## What to produce
What you write should be an exact repeat of the lines from the one with "windmill near body of water during sunset" through the final line below, minus the pictures.

## Data extract
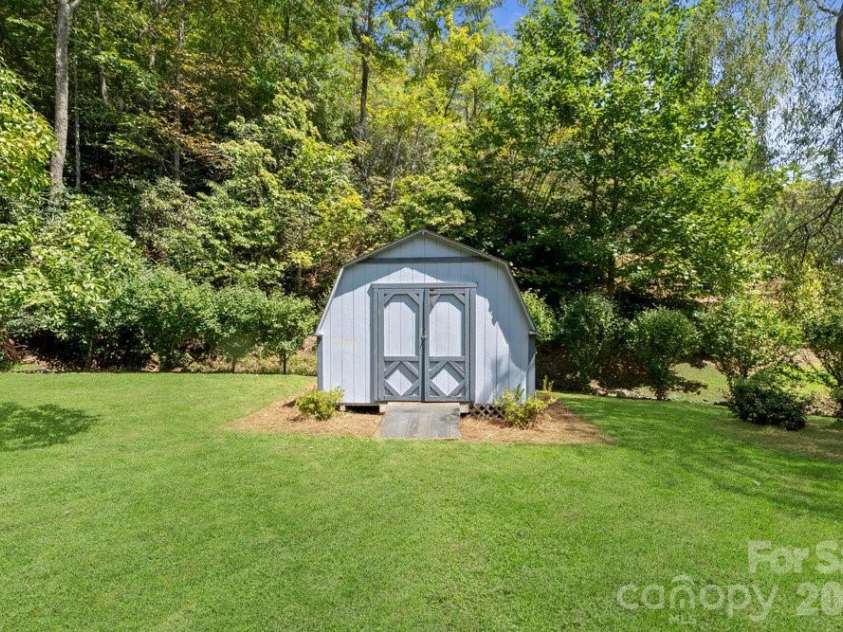 17 Twisted Trail, Black Mountain, NC 28711.  MLS# CAR4364900, YatesRealty ID 11581. Yard storage for lawn or games.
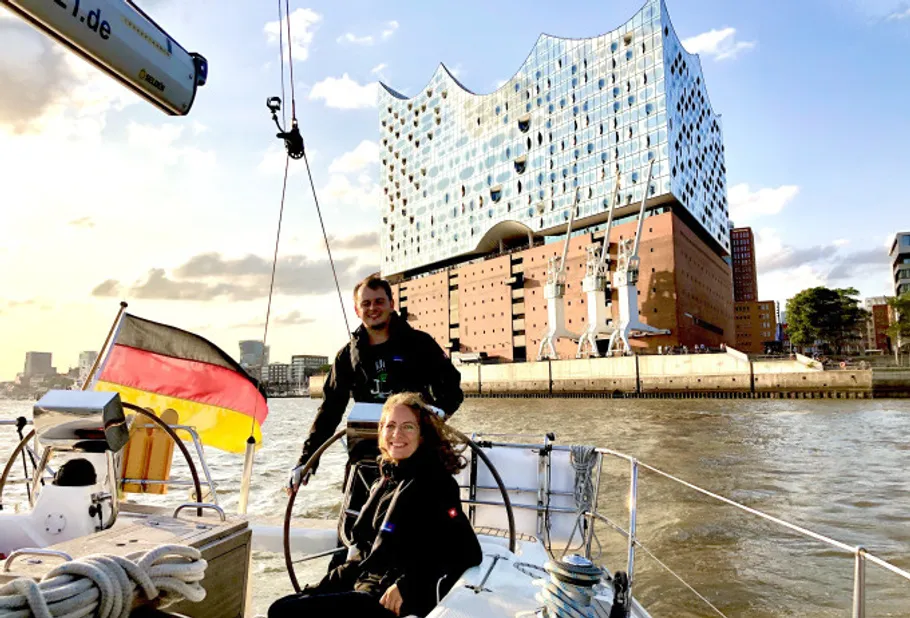 Two people sailing near modern building.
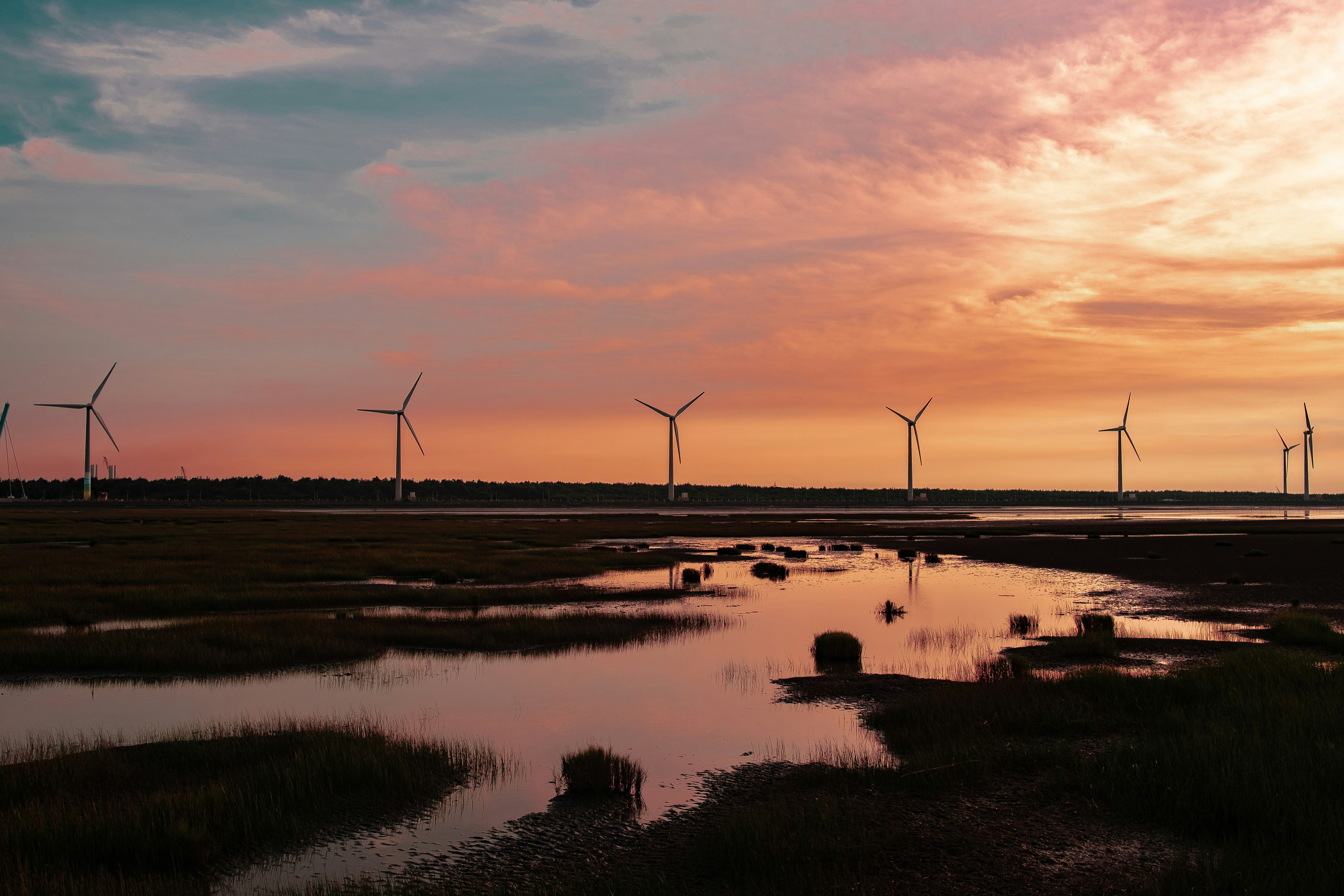 windmill near body of water during sunset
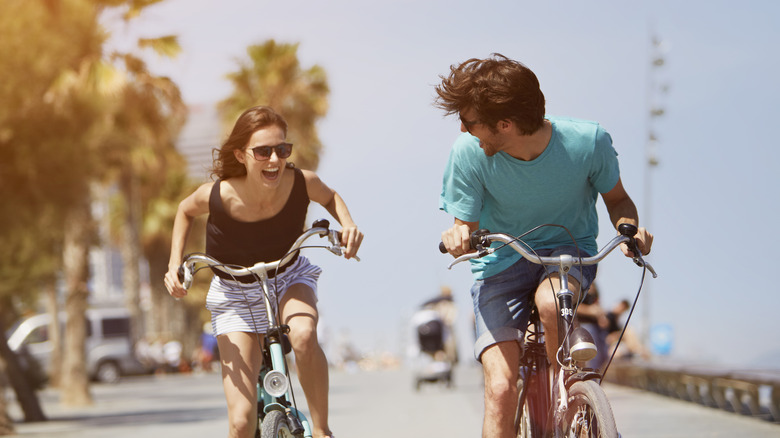 Man and woman on bikes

## Solution to this task
 windmill near body of water during sunset
 Man and woman on bikes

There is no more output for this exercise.